Entries taken from a collection:

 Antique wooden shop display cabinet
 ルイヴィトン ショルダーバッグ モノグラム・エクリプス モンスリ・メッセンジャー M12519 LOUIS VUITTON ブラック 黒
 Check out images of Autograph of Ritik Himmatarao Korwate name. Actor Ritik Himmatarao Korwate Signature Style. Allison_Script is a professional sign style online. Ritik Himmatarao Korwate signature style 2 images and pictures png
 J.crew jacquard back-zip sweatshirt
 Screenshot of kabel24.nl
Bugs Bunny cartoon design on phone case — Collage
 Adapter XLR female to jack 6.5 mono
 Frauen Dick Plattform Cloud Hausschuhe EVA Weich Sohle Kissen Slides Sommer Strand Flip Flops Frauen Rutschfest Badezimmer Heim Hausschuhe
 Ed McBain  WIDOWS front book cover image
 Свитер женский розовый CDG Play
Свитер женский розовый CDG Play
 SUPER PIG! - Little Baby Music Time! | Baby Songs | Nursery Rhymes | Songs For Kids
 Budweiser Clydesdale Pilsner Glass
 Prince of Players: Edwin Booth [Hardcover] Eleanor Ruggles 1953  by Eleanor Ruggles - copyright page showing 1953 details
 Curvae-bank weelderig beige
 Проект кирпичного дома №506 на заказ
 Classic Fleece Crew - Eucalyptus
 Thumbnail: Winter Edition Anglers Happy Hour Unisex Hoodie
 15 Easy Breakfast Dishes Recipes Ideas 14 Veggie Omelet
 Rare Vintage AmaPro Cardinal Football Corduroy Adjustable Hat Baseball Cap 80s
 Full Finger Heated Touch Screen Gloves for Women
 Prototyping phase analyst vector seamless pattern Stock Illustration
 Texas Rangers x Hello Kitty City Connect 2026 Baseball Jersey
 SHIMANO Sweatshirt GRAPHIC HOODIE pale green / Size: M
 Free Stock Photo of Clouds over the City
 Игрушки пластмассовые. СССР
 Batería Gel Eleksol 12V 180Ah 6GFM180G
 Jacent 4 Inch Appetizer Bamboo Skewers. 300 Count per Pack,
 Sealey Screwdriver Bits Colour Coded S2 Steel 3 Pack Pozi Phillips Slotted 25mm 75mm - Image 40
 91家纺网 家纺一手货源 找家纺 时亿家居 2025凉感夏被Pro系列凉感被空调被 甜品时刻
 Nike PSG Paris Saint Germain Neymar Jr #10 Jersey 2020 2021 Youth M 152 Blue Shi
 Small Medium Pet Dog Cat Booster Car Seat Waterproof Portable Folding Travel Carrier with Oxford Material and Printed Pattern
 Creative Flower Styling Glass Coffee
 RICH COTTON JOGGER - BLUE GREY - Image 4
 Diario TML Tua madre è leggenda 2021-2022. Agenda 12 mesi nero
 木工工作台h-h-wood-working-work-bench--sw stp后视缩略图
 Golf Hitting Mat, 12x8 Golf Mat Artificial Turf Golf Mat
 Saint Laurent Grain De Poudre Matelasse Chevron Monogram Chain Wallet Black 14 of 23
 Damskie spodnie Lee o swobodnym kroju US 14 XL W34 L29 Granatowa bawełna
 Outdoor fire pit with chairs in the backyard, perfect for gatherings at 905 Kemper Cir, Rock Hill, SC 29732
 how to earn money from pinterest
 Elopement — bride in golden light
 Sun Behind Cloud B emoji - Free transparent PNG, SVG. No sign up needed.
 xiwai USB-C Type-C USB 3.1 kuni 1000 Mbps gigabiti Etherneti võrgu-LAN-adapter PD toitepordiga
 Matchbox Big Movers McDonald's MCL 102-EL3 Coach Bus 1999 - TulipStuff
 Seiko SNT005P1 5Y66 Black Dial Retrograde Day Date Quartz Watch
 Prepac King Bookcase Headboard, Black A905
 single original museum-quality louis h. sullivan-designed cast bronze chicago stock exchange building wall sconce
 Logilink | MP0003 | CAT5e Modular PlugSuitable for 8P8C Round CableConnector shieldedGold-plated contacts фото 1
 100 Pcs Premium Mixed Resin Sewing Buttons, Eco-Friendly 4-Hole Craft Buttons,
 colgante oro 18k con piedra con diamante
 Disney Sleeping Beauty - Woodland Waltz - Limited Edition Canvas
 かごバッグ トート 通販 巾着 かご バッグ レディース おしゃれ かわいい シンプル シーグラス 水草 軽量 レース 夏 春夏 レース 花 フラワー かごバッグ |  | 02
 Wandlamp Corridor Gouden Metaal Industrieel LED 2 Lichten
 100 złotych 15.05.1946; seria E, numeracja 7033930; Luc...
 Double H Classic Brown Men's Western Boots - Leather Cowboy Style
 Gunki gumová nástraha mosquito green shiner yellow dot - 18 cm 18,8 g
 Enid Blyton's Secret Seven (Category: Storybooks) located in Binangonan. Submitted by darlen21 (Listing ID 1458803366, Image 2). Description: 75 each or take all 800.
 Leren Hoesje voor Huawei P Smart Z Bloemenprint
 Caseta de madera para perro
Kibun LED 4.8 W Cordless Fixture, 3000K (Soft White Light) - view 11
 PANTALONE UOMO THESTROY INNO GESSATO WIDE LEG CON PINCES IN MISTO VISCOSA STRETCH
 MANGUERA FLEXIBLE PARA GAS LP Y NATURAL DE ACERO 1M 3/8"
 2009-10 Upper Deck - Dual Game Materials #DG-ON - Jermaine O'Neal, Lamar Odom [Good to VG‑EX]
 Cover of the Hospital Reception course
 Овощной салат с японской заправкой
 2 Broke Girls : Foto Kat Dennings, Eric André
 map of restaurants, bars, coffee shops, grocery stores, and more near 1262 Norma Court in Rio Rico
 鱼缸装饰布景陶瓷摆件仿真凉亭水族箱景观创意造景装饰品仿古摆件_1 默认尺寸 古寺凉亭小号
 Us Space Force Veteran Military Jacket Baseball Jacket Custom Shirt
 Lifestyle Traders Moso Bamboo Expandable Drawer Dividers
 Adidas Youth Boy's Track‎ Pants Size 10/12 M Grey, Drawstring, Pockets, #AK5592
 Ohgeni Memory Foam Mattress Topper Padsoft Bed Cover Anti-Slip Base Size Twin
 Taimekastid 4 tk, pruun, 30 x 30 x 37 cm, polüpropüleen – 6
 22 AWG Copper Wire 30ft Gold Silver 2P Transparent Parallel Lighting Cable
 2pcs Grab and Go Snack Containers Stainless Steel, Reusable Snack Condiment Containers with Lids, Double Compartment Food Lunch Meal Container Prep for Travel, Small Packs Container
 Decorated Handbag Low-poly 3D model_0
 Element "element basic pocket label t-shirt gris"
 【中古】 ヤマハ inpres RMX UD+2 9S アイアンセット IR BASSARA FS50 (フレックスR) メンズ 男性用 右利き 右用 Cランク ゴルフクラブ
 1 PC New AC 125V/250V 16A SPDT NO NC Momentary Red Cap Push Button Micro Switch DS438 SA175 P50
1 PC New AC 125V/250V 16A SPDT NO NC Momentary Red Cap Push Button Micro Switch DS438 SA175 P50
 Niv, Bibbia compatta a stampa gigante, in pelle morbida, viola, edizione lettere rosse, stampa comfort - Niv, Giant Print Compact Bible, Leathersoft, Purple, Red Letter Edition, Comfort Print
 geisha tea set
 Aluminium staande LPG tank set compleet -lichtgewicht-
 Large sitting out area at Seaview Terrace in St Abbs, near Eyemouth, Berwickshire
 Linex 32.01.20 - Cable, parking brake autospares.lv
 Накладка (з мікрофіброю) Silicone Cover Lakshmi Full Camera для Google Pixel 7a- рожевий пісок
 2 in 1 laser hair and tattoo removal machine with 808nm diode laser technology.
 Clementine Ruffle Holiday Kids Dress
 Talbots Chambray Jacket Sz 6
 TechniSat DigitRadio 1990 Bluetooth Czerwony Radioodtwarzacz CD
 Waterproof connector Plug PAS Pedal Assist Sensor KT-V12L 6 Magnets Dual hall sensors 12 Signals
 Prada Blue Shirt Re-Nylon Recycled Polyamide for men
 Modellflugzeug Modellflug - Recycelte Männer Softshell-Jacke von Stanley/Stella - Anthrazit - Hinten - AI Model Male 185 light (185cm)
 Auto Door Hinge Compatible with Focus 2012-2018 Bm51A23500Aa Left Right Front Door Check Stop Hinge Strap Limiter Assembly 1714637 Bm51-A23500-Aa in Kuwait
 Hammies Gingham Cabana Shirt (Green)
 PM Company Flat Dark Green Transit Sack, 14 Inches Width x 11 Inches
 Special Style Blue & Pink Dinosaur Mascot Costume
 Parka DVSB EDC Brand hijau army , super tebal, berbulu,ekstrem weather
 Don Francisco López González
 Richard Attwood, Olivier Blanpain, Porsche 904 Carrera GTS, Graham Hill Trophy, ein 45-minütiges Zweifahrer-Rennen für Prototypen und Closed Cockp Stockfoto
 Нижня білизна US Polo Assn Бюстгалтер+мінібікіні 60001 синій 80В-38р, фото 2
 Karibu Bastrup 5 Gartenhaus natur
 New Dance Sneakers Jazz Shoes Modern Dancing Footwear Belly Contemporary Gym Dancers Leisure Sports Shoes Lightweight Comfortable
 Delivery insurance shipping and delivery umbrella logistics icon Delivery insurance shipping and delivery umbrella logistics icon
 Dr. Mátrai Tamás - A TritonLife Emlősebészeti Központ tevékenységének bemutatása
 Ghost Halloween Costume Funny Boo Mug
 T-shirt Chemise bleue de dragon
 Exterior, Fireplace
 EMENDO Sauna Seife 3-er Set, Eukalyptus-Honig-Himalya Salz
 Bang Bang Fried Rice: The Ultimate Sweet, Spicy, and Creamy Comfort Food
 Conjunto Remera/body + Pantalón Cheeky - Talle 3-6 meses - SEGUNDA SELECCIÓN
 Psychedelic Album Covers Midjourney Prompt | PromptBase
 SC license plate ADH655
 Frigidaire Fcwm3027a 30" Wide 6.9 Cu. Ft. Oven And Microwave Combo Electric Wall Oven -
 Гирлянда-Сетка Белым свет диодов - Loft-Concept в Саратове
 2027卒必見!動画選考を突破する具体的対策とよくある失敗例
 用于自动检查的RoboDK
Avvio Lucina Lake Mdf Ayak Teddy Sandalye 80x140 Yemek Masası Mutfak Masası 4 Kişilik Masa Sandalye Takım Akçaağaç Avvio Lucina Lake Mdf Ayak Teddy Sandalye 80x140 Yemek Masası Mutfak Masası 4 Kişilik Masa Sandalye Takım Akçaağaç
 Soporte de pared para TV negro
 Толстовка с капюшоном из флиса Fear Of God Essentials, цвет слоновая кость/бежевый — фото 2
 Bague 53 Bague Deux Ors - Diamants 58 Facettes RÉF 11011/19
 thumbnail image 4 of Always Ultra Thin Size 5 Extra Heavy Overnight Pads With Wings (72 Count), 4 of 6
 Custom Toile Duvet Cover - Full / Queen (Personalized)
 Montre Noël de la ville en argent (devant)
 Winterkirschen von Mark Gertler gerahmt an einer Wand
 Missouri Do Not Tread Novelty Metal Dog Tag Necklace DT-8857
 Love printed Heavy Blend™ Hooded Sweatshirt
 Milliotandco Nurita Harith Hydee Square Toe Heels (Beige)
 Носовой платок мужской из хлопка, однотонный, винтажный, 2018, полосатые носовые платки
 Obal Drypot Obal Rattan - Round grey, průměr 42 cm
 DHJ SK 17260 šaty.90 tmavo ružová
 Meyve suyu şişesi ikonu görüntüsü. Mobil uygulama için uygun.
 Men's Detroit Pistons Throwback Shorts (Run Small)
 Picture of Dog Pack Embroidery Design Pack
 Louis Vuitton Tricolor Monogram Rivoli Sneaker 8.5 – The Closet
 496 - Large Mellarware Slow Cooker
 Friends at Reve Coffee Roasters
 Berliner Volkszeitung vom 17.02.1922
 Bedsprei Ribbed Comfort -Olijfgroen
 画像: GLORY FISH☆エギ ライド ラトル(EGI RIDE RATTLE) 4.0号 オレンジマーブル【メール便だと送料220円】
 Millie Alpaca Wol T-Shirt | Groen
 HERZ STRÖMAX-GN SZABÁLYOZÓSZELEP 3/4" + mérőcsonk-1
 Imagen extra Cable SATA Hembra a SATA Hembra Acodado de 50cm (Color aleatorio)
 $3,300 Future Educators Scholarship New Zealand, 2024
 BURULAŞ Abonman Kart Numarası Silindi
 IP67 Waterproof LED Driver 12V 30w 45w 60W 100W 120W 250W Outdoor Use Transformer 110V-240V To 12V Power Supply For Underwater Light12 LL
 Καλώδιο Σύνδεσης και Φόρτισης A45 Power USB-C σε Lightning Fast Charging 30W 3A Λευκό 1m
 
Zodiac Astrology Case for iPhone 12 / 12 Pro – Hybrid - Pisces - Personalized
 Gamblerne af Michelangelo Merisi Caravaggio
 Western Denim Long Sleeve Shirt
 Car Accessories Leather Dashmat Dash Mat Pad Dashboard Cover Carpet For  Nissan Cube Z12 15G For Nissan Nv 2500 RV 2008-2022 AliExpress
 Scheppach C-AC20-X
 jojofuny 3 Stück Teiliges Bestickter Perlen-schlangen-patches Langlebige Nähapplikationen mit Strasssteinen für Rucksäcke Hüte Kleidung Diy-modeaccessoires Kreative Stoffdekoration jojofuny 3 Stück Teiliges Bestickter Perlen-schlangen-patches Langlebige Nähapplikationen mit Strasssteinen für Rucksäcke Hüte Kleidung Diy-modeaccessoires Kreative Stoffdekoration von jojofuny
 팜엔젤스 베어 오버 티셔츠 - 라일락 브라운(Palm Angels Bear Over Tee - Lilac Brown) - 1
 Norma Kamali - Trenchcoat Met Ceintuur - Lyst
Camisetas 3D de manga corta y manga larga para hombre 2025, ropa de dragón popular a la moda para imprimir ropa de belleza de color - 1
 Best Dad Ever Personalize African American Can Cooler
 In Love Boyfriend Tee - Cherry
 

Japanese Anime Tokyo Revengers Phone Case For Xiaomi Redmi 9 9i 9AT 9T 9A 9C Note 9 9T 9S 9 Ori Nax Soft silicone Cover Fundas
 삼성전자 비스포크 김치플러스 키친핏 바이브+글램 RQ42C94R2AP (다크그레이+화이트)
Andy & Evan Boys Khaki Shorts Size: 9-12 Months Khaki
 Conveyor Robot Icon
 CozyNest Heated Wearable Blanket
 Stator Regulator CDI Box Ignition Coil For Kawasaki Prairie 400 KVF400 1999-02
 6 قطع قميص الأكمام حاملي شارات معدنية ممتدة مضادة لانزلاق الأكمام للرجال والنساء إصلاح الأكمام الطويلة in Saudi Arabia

#### Work item
Lines with the word "Norma" in the data need counting; report the count alone.

#### Answer to this problem
2